● **What you need to do**: The required output is every entry, printed exactly as written.

● **Exercise data**:
┄┄┄┄┄┄

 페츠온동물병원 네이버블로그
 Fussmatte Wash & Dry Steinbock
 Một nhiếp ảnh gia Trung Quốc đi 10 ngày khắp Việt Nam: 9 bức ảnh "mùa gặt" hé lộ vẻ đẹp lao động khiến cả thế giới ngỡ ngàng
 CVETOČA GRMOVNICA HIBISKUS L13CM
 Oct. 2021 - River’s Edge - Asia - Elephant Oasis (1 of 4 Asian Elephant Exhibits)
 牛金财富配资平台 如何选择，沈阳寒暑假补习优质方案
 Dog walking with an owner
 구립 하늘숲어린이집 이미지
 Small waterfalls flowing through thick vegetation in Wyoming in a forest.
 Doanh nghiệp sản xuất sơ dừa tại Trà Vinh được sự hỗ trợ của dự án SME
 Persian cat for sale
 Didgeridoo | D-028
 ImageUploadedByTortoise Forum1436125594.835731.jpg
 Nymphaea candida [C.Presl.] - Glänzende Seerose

┄┄┄┄┄┄

● **Solution**:
 페츠온동물병원 네이버블로그
 Fussmatte Wash & Dry Steinbock
 Một nhiếp ảnh gia Trung Quốc đi 10 ngày khắp Việt Nam: 9 bức ảnh "mùa gặt" hé lộ vẻ đẹp lao động khiến cả thế giới ngỡ ngàng
 CVETOČA GRMOVNICA HIBISKUS L13CM
 Oct. 2021 - River’s Edge - Asia - Elephant Oasis (1 of 4 Asian Elephant Exhibits)
 牛金财富配资平台 如何选择，沈阳寒暑假补习优质方案
 Dog walking with an owner
 구립 하늘숲어린이집 이미지
 Small waterfalls flowing through thick vegetation in Wyoming in a forest.
 Doanh nghiệp sản xuất sơ dừa tại Trà Vinh được sự hỗ trợ của dự án SME
 Persian cat for sale
 Didgeridoo | D-028
 ImageUploadedByTortoise Forum1436125594.835731.jpg
 Nymphaea candida [C.Presl.] - Glänzende Seerose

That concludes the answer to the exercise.